-- Work request --
In the entries below, find each line with the word "Size" and pull it out.

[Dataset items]
----
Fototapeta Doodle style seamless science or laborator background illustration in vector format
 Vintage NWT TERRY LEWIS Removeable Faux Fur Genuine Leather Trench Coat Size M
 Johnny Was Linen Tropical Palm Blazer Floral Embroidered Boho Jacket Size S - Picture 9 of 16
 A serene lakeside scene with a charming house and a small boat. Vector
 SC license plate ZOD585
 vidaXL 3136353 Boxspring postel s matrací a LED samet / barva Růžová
----
-- Exercise output --
 Vintage NWT TERRY LEWIS Removeable Faux Fur Genuine Leather Trench Coat Size M
 Johnny Was Linen Tropical Palm Blazer Floral Embroidered Boho Jacket Size S - Picture 9 of 16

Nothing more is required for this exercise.